One-Year Award: An RSU award with a grant date value of $800,000, which will vest on the one-year anniversary of the grant date, subject to verification and certification by the Compensation Committee that Executive has relocated to the San Francisco Bay Area by October 22, 2019.

Three-Year Award: A three-year, time-based RSU award with a grant date value of $1,200,000. This award will vest as follows:
two-thirds on the second anniversary of the grant date, and
one-third on the third anniversary of the grant date.

Company Performance-based Award: A three-year, performance-based RSU award with a grant date value of $1,500,000. This award will be based on the same vesting criteria as the awards granted by the Company to its Section 16 officers in those individuals’ August 29, 2018 annual refresher awards.

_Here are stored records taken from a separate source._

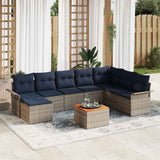 vidaXL Tuinbank Set met kussen 9 pcs Grijs poly rattan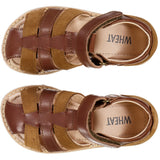 Wheat Footwear Bailey sandal suede stripes Sandals 9002 cognac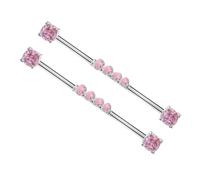 SHERCHPRY Lot de 2 Boucles D’oreilles Piercing Industriels en Acier Titane 14g, Haltères 38 Mm pour Cartilage et Hélix, Bijoux Perles Cz Scintillantes, Unisexe, Compatibles Piercing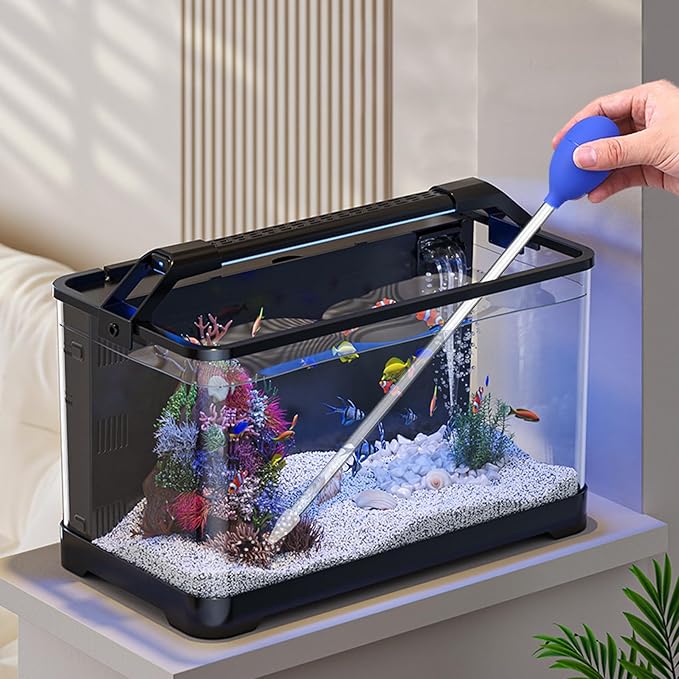 2 Pcs 18.5 in Long Pipette with 2 Pc Stainless Steel Feeding Long Tweezers for Fish Tank Coral Food Feeder Long Syringe Aquarium Coral Feeding Tube for Marine Fish Reef Aquatic Plant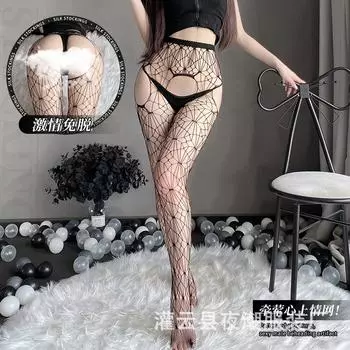 Новые сексуальные носки с подвязками, черные шелковые носки с сетчатым принтом, чулки с длинными трубками, похоть для женщин, чистое желание, большие размеры, тонкие, горячие сетчатые носки W03 One Size (80-75kg)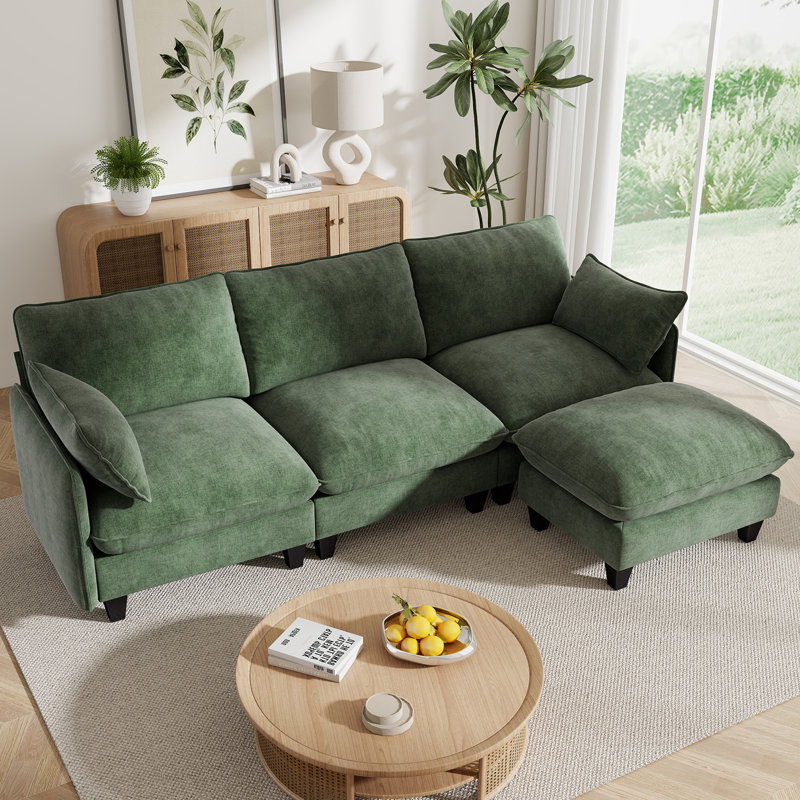 Canapé modulaire rembourré à 5 places Acker, Chenille verte, 5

Share Price Performance-based Award: A performance-based RSU award with a grant date value of $1,500,000. This award will vest, if, within three years of the grant date, the average per-share closing price of the Company’s common stock for 60 consecutive trading days is equal to or greater than certain targets, as follows:
one-third will vest if the average per-share closing price is equal to or greater than $38.00,
one-third will vest if the average per-share closing price is equal to or greater than $42.50, and
one-third will vest if the average per-share closing price is equal to or greater than $47.00.

No portion of the Share Price Performance-based Award will vest before the one-year anniversary of the grant date, but, if one or more of the performance metrics is achieved before the first anniversary of the award, then that portion(s) of the award will vest on the first anniversary of the grant date or upon Compensation Committee’s certification of the achievement of the metric, whichever is later (“First Vesting Date”) and if Executive’s employment is terminated without Cause by the Company or by Executive for Good Reason or Good Reason Outside of a Control of Control, he shall be entitled to vesting of the portion of the awards as to which the average per-share closing price condition was satisfied while he was employed by the Company and prior to the First Vesting Date.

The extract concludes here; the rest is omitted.